Quelques heures après notre arrivée, nous voyons au loin la silhouette familière de Kawâne qui a décidé de nous rejoindre pour quelques jours. La tentative d’apéro à leur bord tournera court, le vent ayant levé un clapot trop fort pour permettre la traversée d’Elaya. Je suis toujours obsédé par notre fuite électrique, et Fabien (le capitaine de Kawâne) me propose de passer me donner un coup de main équipé de son propre testeur (son bateau est aussi en aluminium). J’espérais que le mien débloquait, mais non, il y a bien une fuite. Après une journée passée à trifouiller dans les fonds, il faut se rendre à l’évidence, nous n’y comprenons rien. Notre ampèremètre n’est pas d’accord avec les testeurs, les mesures prises coupe-circuits ouverts et fermés ne sont pas cohérentes, et il ne semble pas y avoir une seule fuite mais plusieurs … bref, nous sommes complètement à la masse (ah ah ah).
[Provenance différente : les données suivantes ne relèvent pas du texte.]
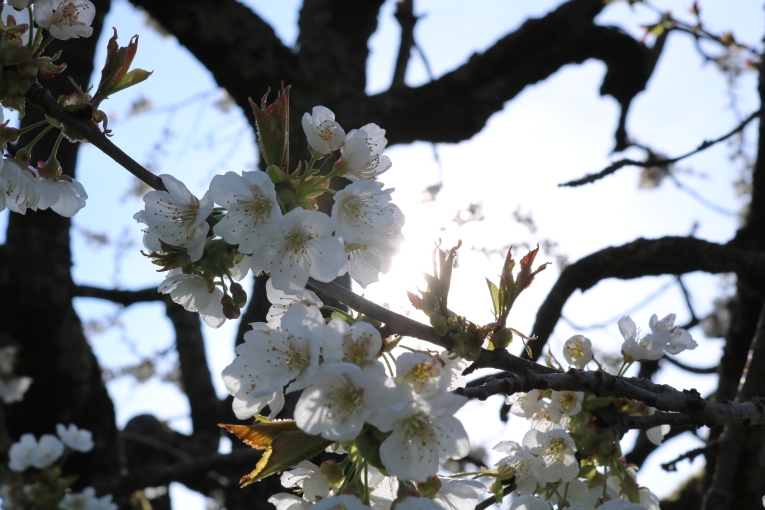 Frühling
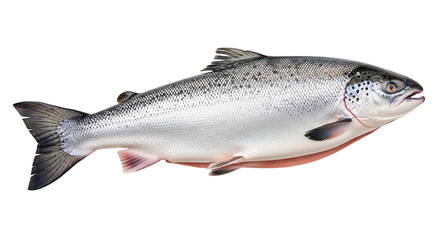 Obraz premium Fresh Atlantic Salmon Closeup View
La nuit va tomber et nous nous apprêtons à abandonner nos recherches, fuite non résolue ; je veux juste installer mon multimètre à un endroit plus accessible que sous le plancher de la descente, en l’espèce à la table à cartes. Malheureusement, celui-ci ne détecte aucune fuite entre le « moins » du panneau électrique et ma reprise de cadène pourtant connectée à la coque … Vérification faite, les testeurs ne voient plus rien non plus, la fuite est résolue …. Bref, je suis soulagé mais frustré !

Nous avions prévu de ne passer que quelques jours ici, mais nous y sommes bien, nos batteries sont à 100% tout le temps grâce à Evinrude (notre éolienne, à qui Sarah ses parents ont maladroitement donné un nom de moteur hors-bord en hommage à la libellule de Bernard et Bianca), on capte Internet, et nous sommes bien accrochés dans le fond de sable. On aura quand même un coup d’adrénaline en entendant des coups de corne de brume pas très loin : un vieux grément qui tentait de prévenir son voisin de devant qu’il dérapait. Plus de peur que de mal pour eux (ils repartiront en mer après quelques tentatives), comme pour les trois autres bateaux que nous verrons déraper, heureusement avec des propriétaires réactifs à bord … c’est là qu’on est content d’avoir investi dans un mouillage surdimensionné ! Prochaine étape, Porto-Vecchio, où nous récupérerons mon frère (impatient de revoir sa nièce).